Naming a trust as beneficiary of your retirement accounts will provide you with more control and more protections of your retirement savings than leaving them outright. Because trusts must meet stringent requirements in order to protect tax-deferred growth, it is usually best that the retirement accounts be left to specially-designed retirement trusts, known as Stand-Alone Retirement Trusts (“SRTs”). However, SRTs are not for everyone. You should consider a SRT if any of the following applies to you:

  • You and your spouse have combined retirement plans of $200,000 or more. At that level, it makes economic sense to use a SRT. The amount alone is not the only issue, and sometimes it makes sense for someone with a smaller retirement plan to use a SRT.  
  • You are concerned that your beneficiaries would not make good choices regarding distribution. If you would be concerned about giving your beneficiaries the amount in your retirement accounts with no instructions or oversight, you should consider a SRT.
  • You are concerned that a beneficiary could lose part of the inherited IRA in a divorce, bankruptcy, or lawsuit. This is especially true if one of your beneficiaries does not live in North Carolina.
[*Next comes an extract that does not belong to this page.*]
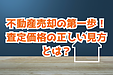 不動産売却の第一歩！査定価格の正しい見方とは？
  • One of your beneficiaries is a minor, is incapacitated, or may become incapacitated. One year’s worth of guardianship fees alone will likely cost more than the cost of establishing an SRT.
  • One of your beneficiaries receives or may qualify for a need-based governmental assistance program.  Inheriting the IRA may cause them to lose those governmental benefits. This is not just for elderly or incompetent beneficiaries. It may include things like school loans, scholarships, and grants.
  • You are in a second marriage and have children from a prior marriage. Your spouse could intentionally or unintentionally disinherit your children from the IRA after his or her death. You can name the trust with the spouse being a lifetime beneficiary, then leave it to your children.